- Ghost Manor (vol. 2), #1 (Oct. 1971), art by Pat Boyette.

Publication information
- Publisher: Charlton Comics
- Schedule: Bimonthly
- Format: anthology
- Genre: Horror;
- Publication date: July 1968-July 1971 (vol. 1) Oct. 1971-Nov. 1984 (vol. 2)
- No. of issues: 19 77
- Main character(s): Old Witch (vol. 1) Mr. Bones (vol. 2)
- Editor(s): Sal Gentile, George Wildman

= Ghost Manor (comics) =

Ghost Manor is a horror-suspense anthology comic book series that was published by Charlton Comics (in two volumes) from 1968 to 1984 (though it was primarily a reprint title from 1978 onward). Volume one was "hosted" by the Old Witch (not to be confused with the Old Witch who hosted the 1950s EC title, Haunt of Fear), while volume two was hosted by Mr. Bones.

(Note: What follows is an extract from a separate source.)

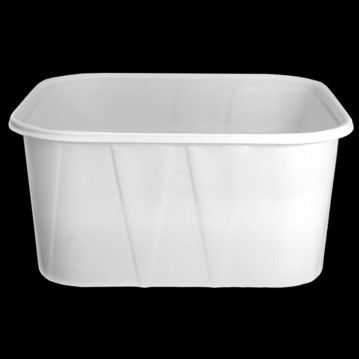 Tabuleiro em Plstico 116BR PS Branco 1000ml 810un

Ghost Manor was part of a wave of new horror and suspense comics published by Charlton during this period. Its sister titles, with many of the same creators, were the Charlton anthologies The Many Ghosts of Doctor Graves (with host Dr. M. T. Graves), Haunted (with hosts Impy and then Baron Weirwulf), and Ghostly Tales (with host Mr. L. Dedd, later I. M. Dedd). Charlton's low page-rates and slapdash production values resulted in few notable characters or stories; Ghost Manor was typical in this regard.

== Publication history ==
Ghost Manor volume one debuted in July 1968 and was bimonthly during its run; all 19 issues were edited by Sal Gentile. The book's tagline was "Echoes of the Spirit World". With issue #20 (September 1971), the book changed its title to Ghostly Haunts, with the host, moddish, blue-skinned Winnie the Witch, who had debuted in Ghost Manor #13.

Ghost Manor volume two introduced a new host, Mr. Bones, a re-animated skeleton butler with a devilish mask. A new tagline was introduced, as well: "Visit Ghost Manor... if you Dare!" The second series was primarily edited by George Wildman, who took over the title from Gentile with issue #6 (August 1972) and helmed the book until its cancellation with issue #77 (Nov. 1984). Ghost Manor continued to be bimonthly, except for a publishing hiatus from January–August 1977, between issues #32 and #33.

Regular contributors to the first Ghost Manor series included Pat Boyette, Steve Ditko, Joe Gill, Sanho Kim, and Mo Marcus. Volume two contributors included Boyette, Ditko, Gill, Vince Alascia, Nicola Cuti, Wayne Howard, Pete Morisi, Don Newton, Charles Nicholas, Enrique Nieto, and Tom Sutton.

With issue #35 (February 1978), Ghost Manor volume two became primarily a reprint title, mostly using material from earlier issues, but also culling stories from Ghostly Tales and other Charlton horror/suspense titles.

Horror comics in general were in decline in the early 1980s, and Charlton in particular was suffering financially. In the fall of 1984, Charlton suspended publication, and Ghost Manor ended its run along with the rest of the company's remaining titles.